SUMMARY: Security cooperation programs have led U.S. forces into unauthorized hostilities alongside foreign partners. Congress must curb this dangerous and undemocratic practice.
Afghanistan, Iraq, maybe Libya. If you asked the average American where the United States has been at war in the past two decades, you would likely get this short list. But this list is wrong — off by at least 17 countries in which the United States has engaged in armed conflict through ground forces, proxy forces, or air strikes.
For members of the public, the full extent of U.S. war-making is unknown. Investigative journalists and human rights advocates have cobbled together a rough picture of where the military has used force, but they rely on sources whose information is often incomplete, belated, or speculative. There is only so much one can learn about the United States’ military footprint from trawling Purple Heart ceremonies, speaking with retired military personnel, and monitoring social media for reports of civilian harm.

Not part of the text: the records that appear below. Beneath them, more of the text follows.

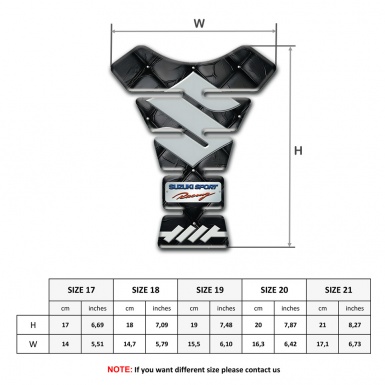 Suzuki Tank Pad Protector Black Leather Base Gray Logo 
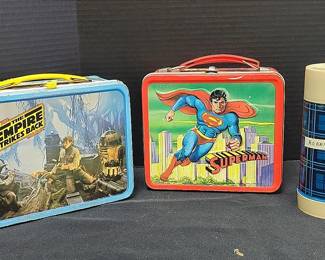 Vintage Metal Lunch Boxes And Thermos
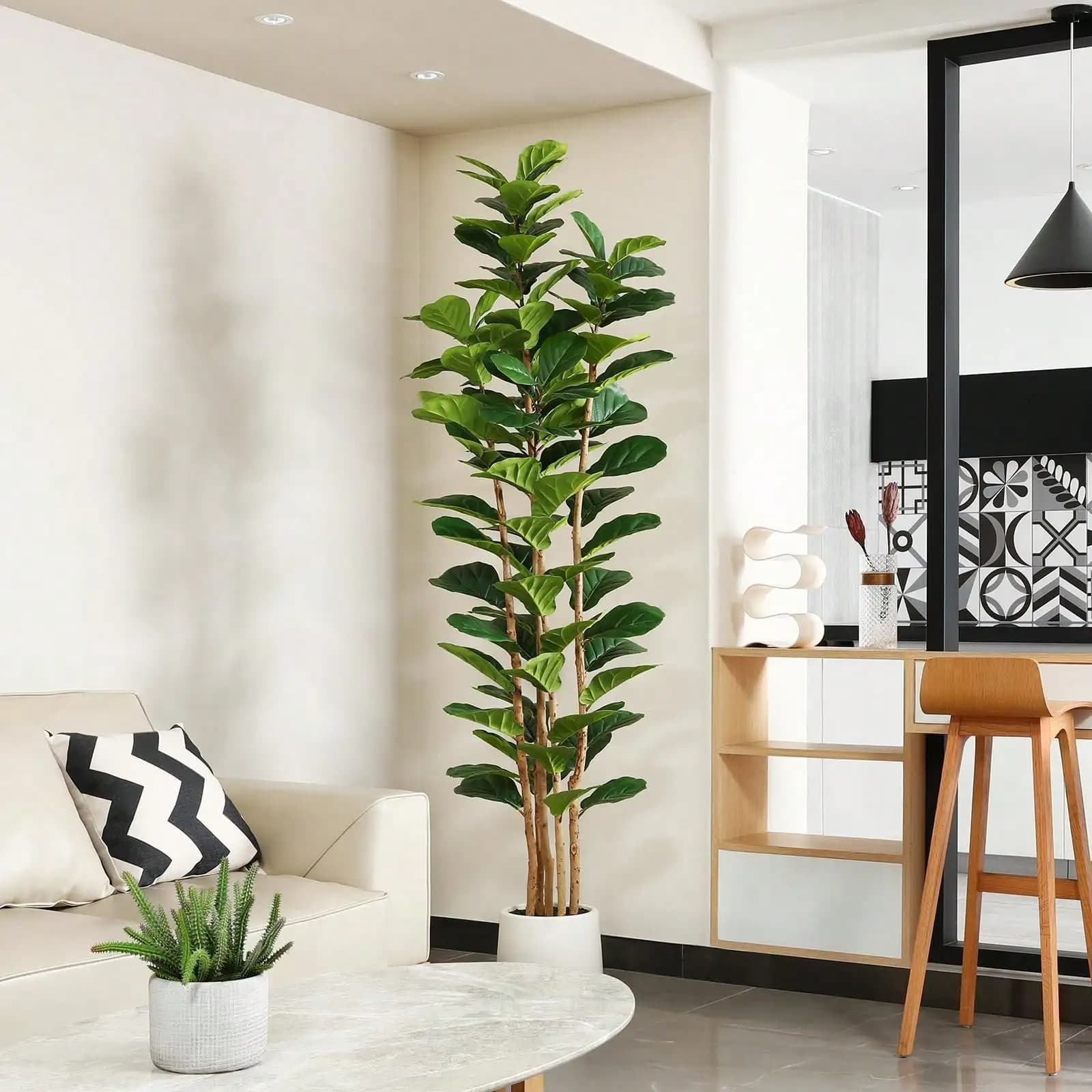 Albero di Ficus Lyrata Artificiale da 1,8 m con Vaso Bianco, Piante Finte con Foglie Verdi Realistiche - Albero Finto per Arredamento Casa, Ufficio, Negozio, Interni ed Esterni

Congress’s understanding of U.S. war-making is often no better than the public record. The Department of Defense provides congressionally mandated disclosures and updates to only a small number of legislative offices. Sometimes, it altogether fails to comply with reporting requirements, leaving members of Congress uninformed about when, where, and against whom the military uses force. After U.S. forces took casualties in Niger in 2017, for example, lawmakers were taken aback by the very presence of U.S. forces in the country.
Without access to such basic information, Congress is unable to perform necessary oversight.
It is not just the public and Congress who are out of the loop. The Department of Defense’s diplomatic counterparts in the Department of State also struggle to understand and gain insight into the reach of U.S. hostilities. Where congressional oversight falters, so too does oversight within the executive branch.
This proliferation of secret war is a relatively recent phenomenon, and it is undemocratic and dangerous. The conduct of undisclosed hostilities in unreported countries contravenes our constitutional design. It invites military escalation that is unforeseeable to the public, to Congress, and even to the diplomats charged with managing U.S. foreign relations. And it risks poorly conceived, counterproductive operations with runaway costs, in terms of both dollars and civilian lives. So how did we get here?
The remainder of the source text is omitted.